===== Data records =====

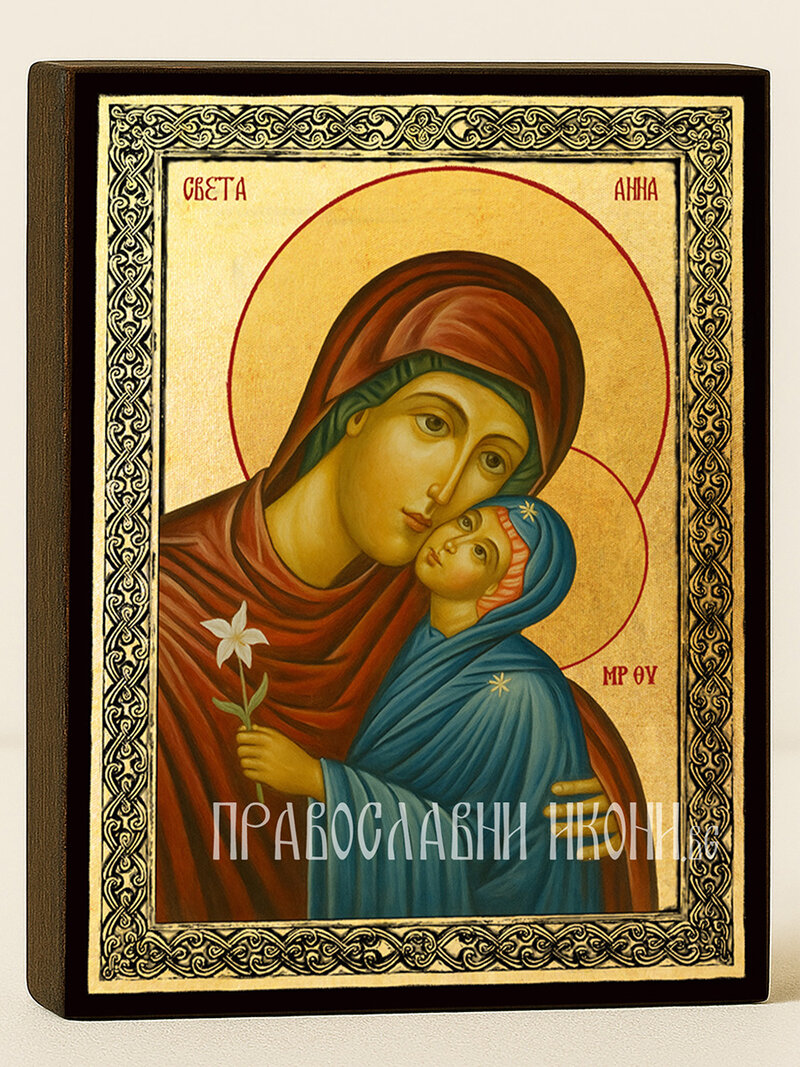 Златна икона на Света Анна с декоративна рамка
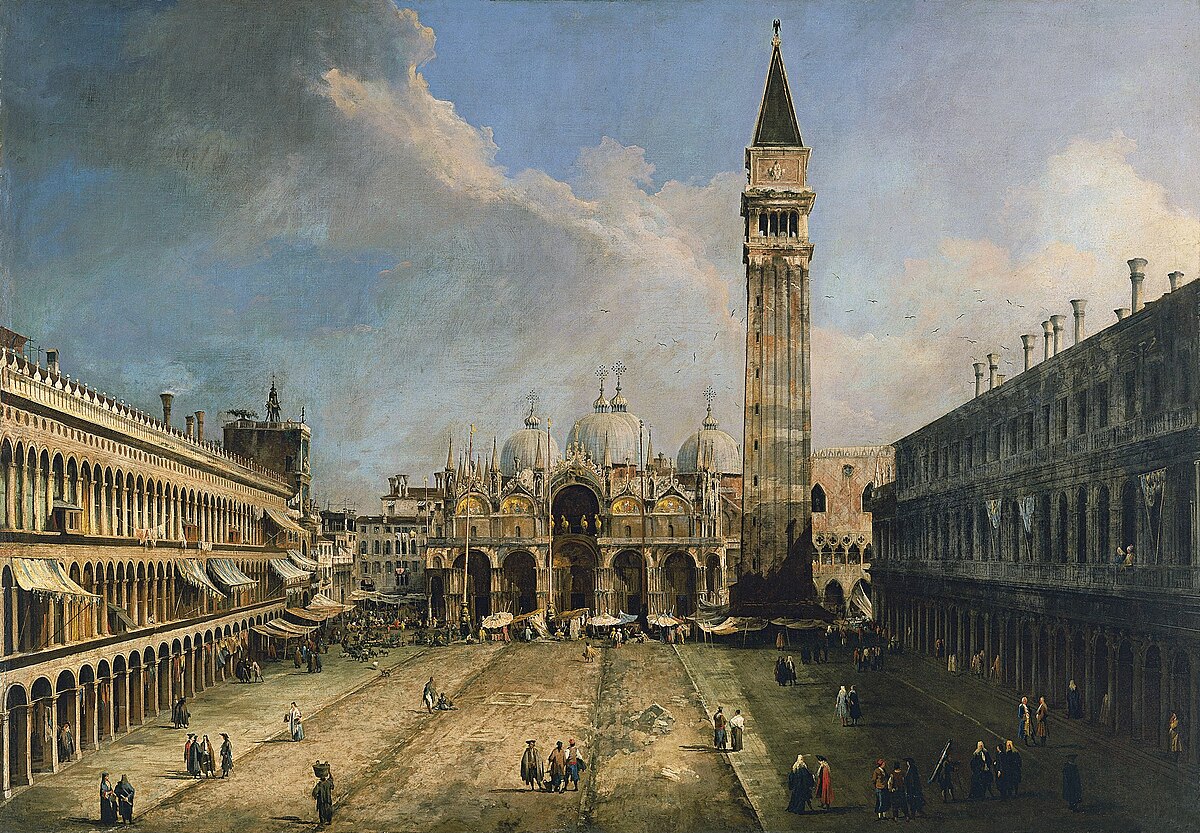 a large building with Piazza San Marco and people in the middle
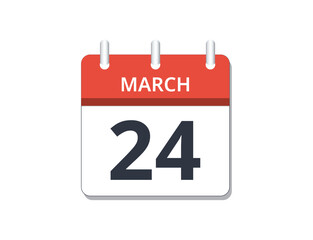 March, 24th calendar icon vector. 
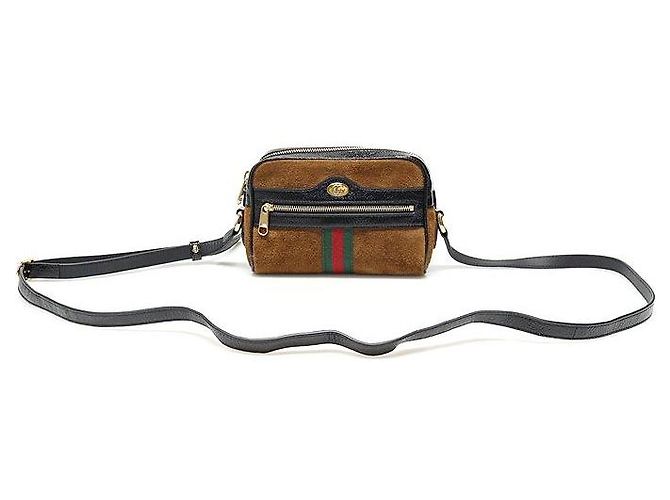 Gucci Mini tracolla WEB Ophidia in scamosciato marrone e pelle vernice nera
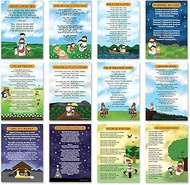 NewEights Popular Bible Songs Series 1 Educational Learning Posters (12-Pack) - Inspirational Bible 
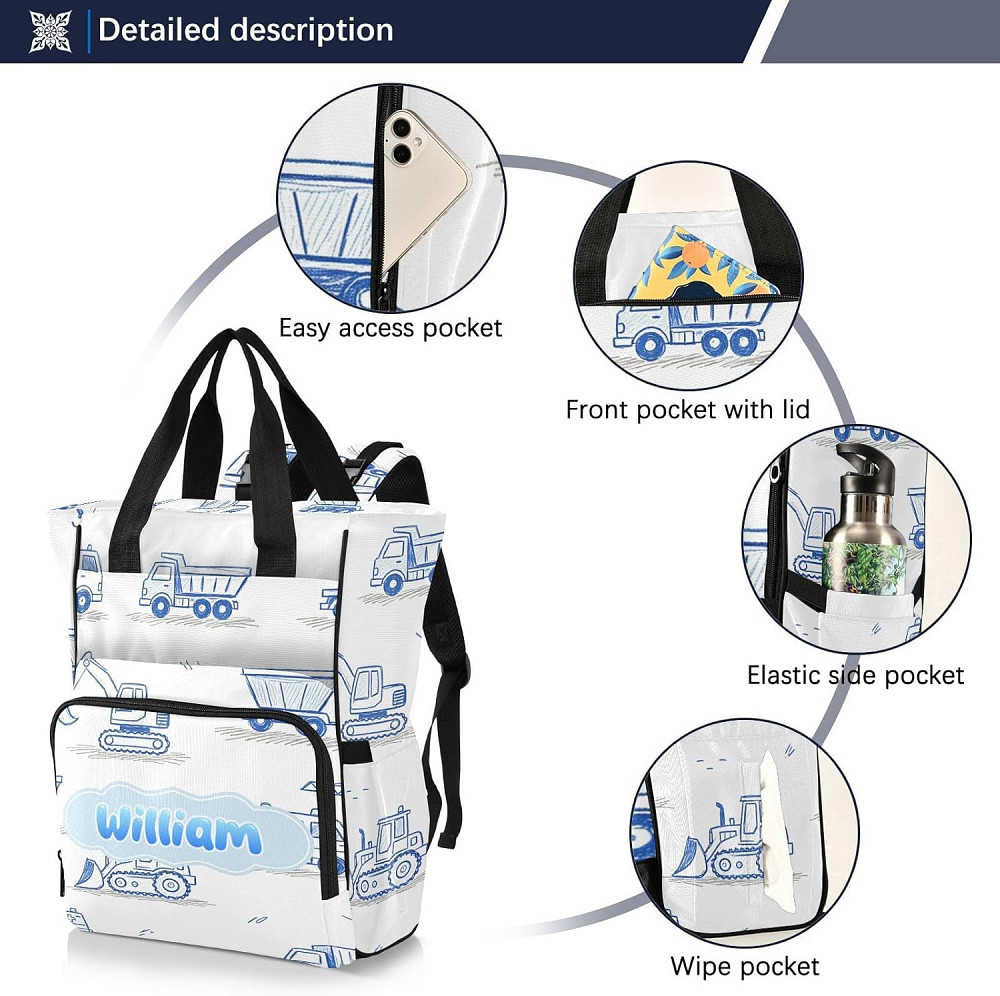 Personalized Diaper Bag Backpack with Custom Name, Blue Construction Vehicle Customizable Name Diape Richmond - photo 4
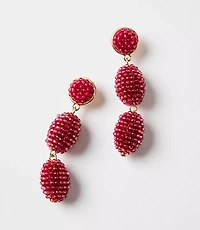 Beaded Triple Drop Statement Earrings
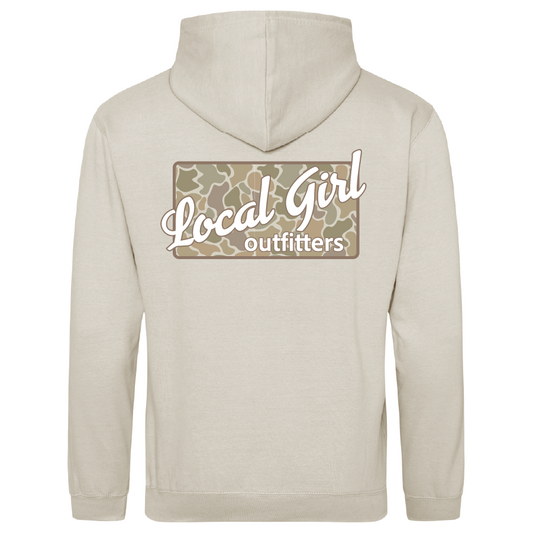 Local Girl Brushwood Hoodie Forest Camo Desert Plate - Natural Stone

=====

What is needed is an exact copy of the entries, without any images.

▶ Written solution:
 Златна икона на Света Анна с декоративна рамка
 a large building with Piazza San Marco and people in the middle
 March, 24th calendar icon vector. 
 Gucci Mini tracolla WEB Ophidia in scamosciato marrone e pelle vernice nera
 NewEights Popular Bible Songs Series 1 Educational Learning Posters (12-Pack) - Inspirational Bible 
 Personalized Diaper Bag Backpack with Custom Name, Blue Construction Vehicle Customizable Name Diape Richmond - photo 4
 Beaded Triple Drop Statement Earrings
 Local Girl Brushwood Hoodie Forest Camo Desert Plate - Natural Stone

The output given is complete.